[Records from a data source]
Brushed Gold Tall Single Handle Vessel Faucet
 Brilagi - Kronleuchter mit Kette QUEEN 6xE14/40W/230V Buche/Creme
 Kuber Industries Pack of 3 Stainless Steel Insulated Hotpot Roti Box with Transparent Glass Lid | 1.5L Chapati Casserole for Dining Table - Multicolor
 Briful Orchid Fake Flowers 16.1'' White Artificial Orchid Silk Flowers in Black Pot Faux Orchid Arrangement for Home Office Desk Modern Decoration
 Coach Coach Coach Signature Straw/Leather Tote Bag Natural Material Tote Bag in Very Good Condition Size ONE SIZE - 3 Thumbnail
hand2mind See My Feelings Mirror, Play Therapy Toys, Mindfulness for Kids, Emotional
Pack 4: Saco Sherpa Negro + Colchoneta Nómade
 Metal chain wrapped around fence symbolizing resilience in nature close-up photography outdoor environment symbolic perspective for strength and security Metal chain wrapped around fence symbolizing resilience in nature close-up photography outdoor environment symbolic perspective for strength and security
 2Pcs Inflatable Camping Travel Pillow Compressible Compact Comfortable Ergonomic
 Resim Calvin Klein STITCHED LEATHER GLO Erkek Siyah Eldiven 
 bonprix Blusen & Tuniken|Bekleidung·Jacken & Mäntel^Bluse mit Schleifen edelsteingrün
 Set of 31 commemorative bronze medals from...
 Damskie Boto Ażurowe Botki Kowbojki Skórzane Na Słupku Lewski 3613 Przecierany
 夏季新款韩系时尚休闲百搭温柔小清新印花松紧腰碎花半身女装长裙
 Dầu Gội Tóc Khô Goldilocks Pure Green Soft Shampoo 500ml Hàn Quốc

=== Activity ===
Every line above that holds the string "Pack" should be returned.

=== Solution for this exercise ===
 Kuber Industries Pack of 3 Stainless Steel Insulated Hotpot Roti Box with Transparent Glass Lid | 1.5L Chapati Casserole for Dining Table - Multicolor
Pack 4: Saco Sherpa Negro + Colchoneta Nómade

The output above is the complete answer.